Human Motion Prediction (HMP) plays a crucial role in safe Human-Robot-Interaction (HRI). Currently, the majority of HMP algorithms are trained by massive pre-collected data. As the training data only contains a few pre-defined motion patterns, these methods cannot handle the unfamiliar motion patterns. Moreover, the pre-collected data are usually non-interactive, which does not consider the real-time responses of collaborators. As a result, these methods usually perform unsatisfactorily in real HRI scenarios. To solve this problem, in this paper, we propose a novel Continual Learning (CL) approach for probabilistic HMP which makes the robot continually learns during its interaction with collaborators. The proposed approach consists of two steps.

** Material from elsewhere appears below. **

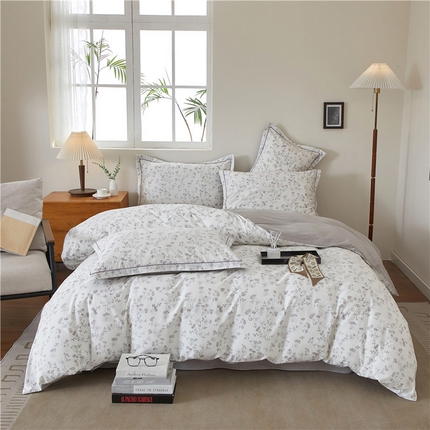 91家纺网 家纺一手货源 找家纺 （总）沐白家居 2025新款全棉云棉系列四件套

First, we leverage a Bayesian Neural Network to model diverse uncertainties of observed human motions for collecting online interactive data safely. Then we take Experience Replay and Knowledge Distillation to elevate the model with new experiences while maintaining the knowledge learned before. We first evaluate our approach on a large-scale benchmark dataset Human3.6m. The experimental results show that our approach achieves a lower prediction error compared with the baselines methods. Moreover, our approach could continually learn new motion patterns without forgetting the learned knowledge. We further conduct real-scene experiments using Kinect DK. The results show that our approach can learn the human kinematic model from scratch, which effectively secures the interaction.